The Touring slides showed RT being computed in parallel not asynchronously. This is a big difference. When doing computations in parallel, the frame is not complete until ALL elements are rendered. In this case we are seeing the RT elements taking much more time than the rasterized elements, hence RT limits the frame rate regardless of how fast everything else gets done. This why doing RT at lower resolutions increases fps; since it is the bottleneck and takes less time with the resolution reduction.

IF RT was actually being done asynchronously there would be RT elements from previous frames in the current frame, which would create goofy artifacts and irregularities.
 
Basically everything else has to sit around and wait for the ray traced lighting to finish and apply it to the frame before it gets displayed.

Right now, it's a massive bottleneck to the GPU itself when turned on, no different than having too little RAM on your system. There just aren't enough RT cores to keep up with everything else.
I've been skeptical that 10 gigarays is sufficient for RT. This basically confirms my suspicions. However, I've been rather hopeful and optimistic that there are optimizations which will enable "good enough" RT with any of the RTX cards, including the 2070. When using those optimizations or shortcuts, I expect the performance projections I've posted a few times.
 
I've been skeptical that 10 gigarays is sufficient for RT. This basically confirms my suspicions. However, I've been rather hopeful and optimistic that there are optimizations which will enable "good enough" RT with any of the RTX cards, including the 2070. When using those optimizations or shortcuts, I expect the performance projections I've posted a few times.

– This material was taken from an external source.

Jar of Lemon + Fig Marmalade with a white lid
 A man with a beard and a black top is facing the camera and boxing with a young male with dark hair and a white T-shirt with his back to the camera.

Honestly, I think DLSS is gonna end up being a much bigger deal with the 2000 series GPUs than Ray tracing, especially if it ends up being something you can apply universally from the drivers. If I'm understanding it correctly with DLSS, the Anti-Aliasing is handled by the RT cores so we get decent AA visuals with zero cost (sans an even bigger hit to performance while using ray tracing which anyone who wants decent resolutions or fps will have disabled anyway).
 
Can I say that's a stupid question without it possibly being a personal attack? Guess I will not quote the question...
 
Has anyone verified cpu usage with RT enabled?

A DICE video said they targeted 12 thread CPUs. So my 2700x should be fine. Kappa. I haven’t seen charts yet.

I think we are getting BFV for christmas along with with a 2080ti if they deliver on the 1440p 60hz+ ray tracing. Especially if they make it possible to choose the resolutions between rasterized and RT so you can get 4k at 60Hz+.